I have a simple application that reads data in small strings from large text files and saves them to a database. To actually save each such String, the application calls the following method several (may thousands, or more) times:
setValue(String value)
{
if (!ignore(value))
{
// Save the value in the database
}
}
Currently, I implement the ignore() method by just successively comparing a set of Strings, e.g.
public boolean ignore(String value)
{
if (value.equalsIgnoreCase("Value 1") || (value.equalsIgnoreCase("Value 2"))
{
return true;
}
return false;
}
However, because I need to check against many such “ignorable” values, which will be defined in another part of the code, I need to use a data structure for this check, instead of multiple consecutive if statements.
So, my question is, what would be the fastest data structure from standard Java to to implement this? A HashMap? A Set?

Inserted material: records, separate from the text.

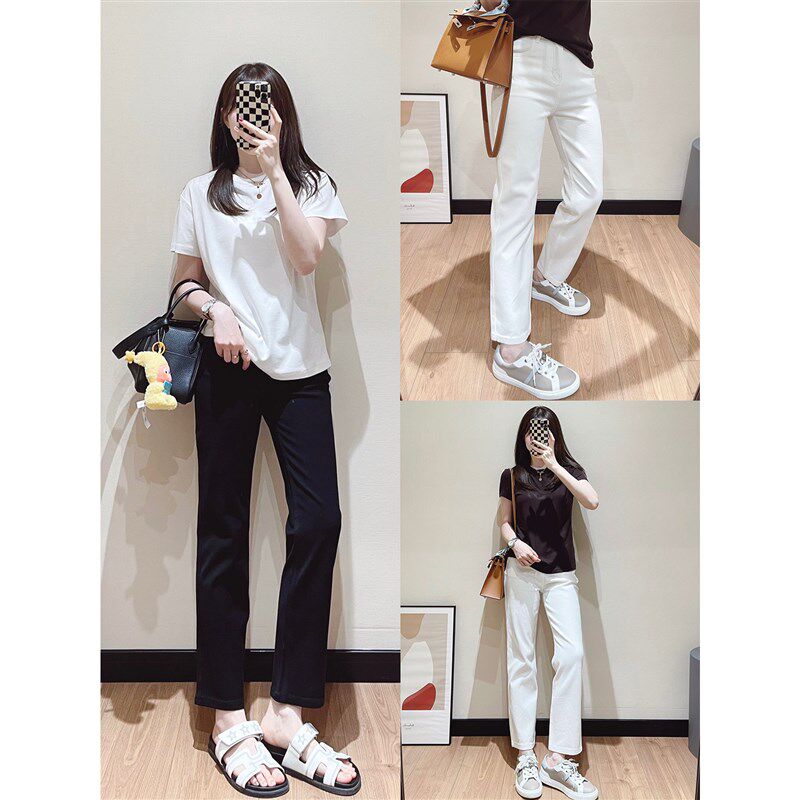 25春夏 窄版小直筒修身显瘦高腰牛仔裤九分烟管裤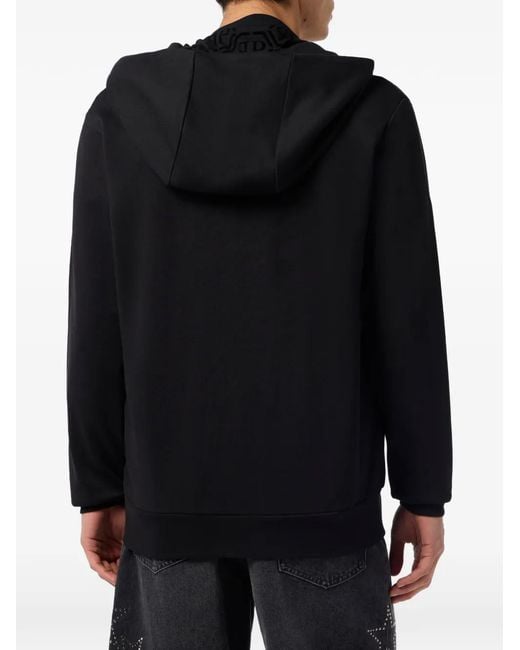 Philipp Plein Black Zip Hoodie for men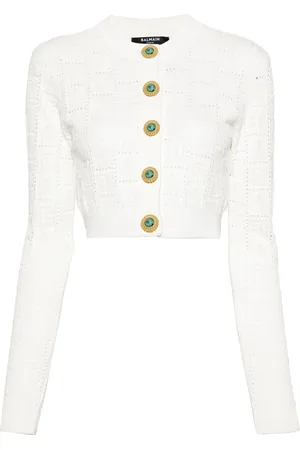 Balmain Monogramm-Cardigan in Pointelle-Strick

Something else?
Initialization time is not an issue, since it will happen statically and once per application invocation.
EDIT: The solutions suggested thus far (including HashSet) appear slower than just using a String[] with all the ignored words and just running “equalsIgnoreCase” against each of these.

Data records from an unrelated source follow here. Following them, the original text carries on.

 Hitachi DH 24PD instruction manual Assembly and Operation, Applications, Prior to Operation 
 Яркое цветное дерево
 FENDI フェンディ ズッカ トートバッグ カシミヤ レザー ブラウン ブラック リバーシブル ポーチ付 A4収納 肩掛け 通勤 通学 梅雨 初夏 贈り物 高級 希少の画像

Use a HashSet, storing the values in lowercase, and its contains() method, which has better lookup performance than TreeSet (constant-time versus log-time for contains).

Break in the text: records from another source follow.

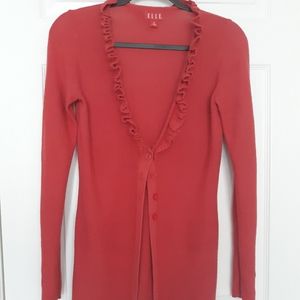 ELLE long sweater cardigan burnt orange XS EUC ruffle neck
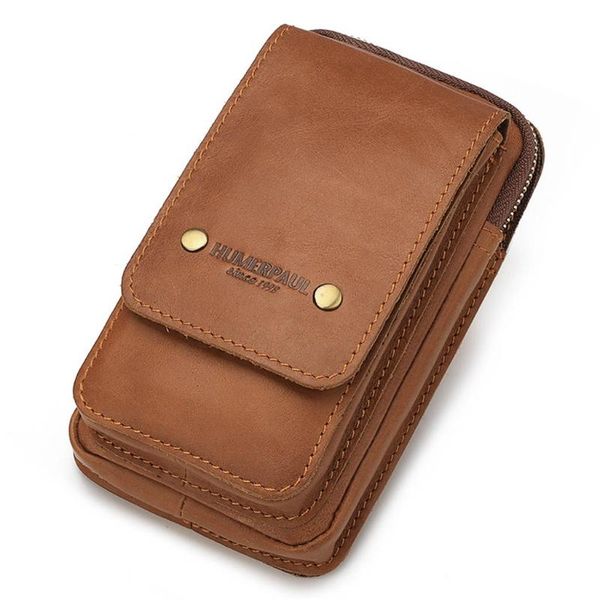 

leather vertical men belt waist bag phone wallet cellphone loop holster case mini travel messager pouch crossbody bags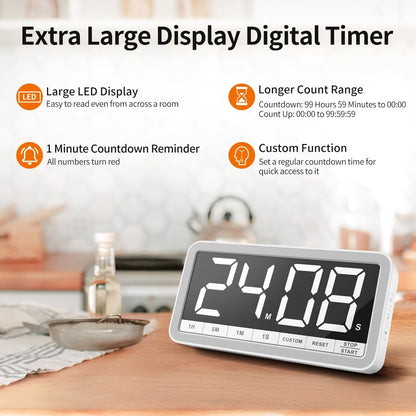 VOCOO Digital Kitchen Timer with 7.8” Extra Large Display, Magnetic, LED with 3 Brightness, 4 Alarms and 3 Volume Levels, Battery Countdown Count Up Timer for Cooking, Classroom, Home Gym (White)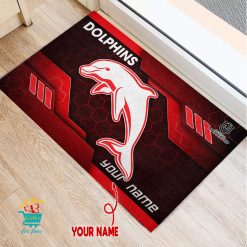 Dolphins Custom Name New Edition Rubber Doormat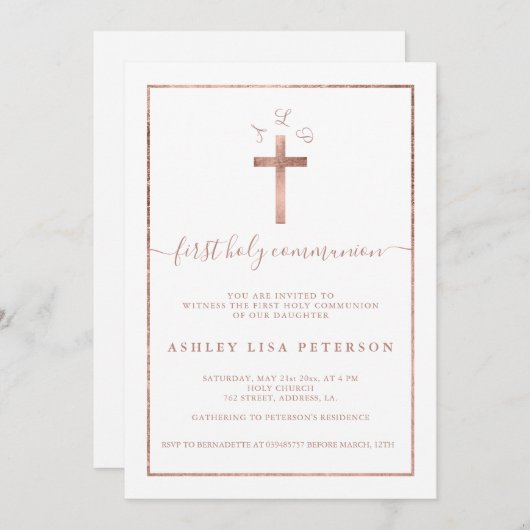 Invitation Élégante croix d'or rose monogramme première commu (Devant / Derrière)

Storing the values in lowercase and searching for the lowercased input avoids the hassle of dealing with case during comparison, so you get the full speed of the HashSet implementation and zero collection-related code to write (eg Collator, Comparator etc).
EDITED
Thanks to Jon Skeet for pointing out that certain Turkish characters behave oddly when calling
toLowerCase(), but if you’re not intending on supporting Turkish input (or perhaps other languages with non-standard case issues) then this approach will work well for you.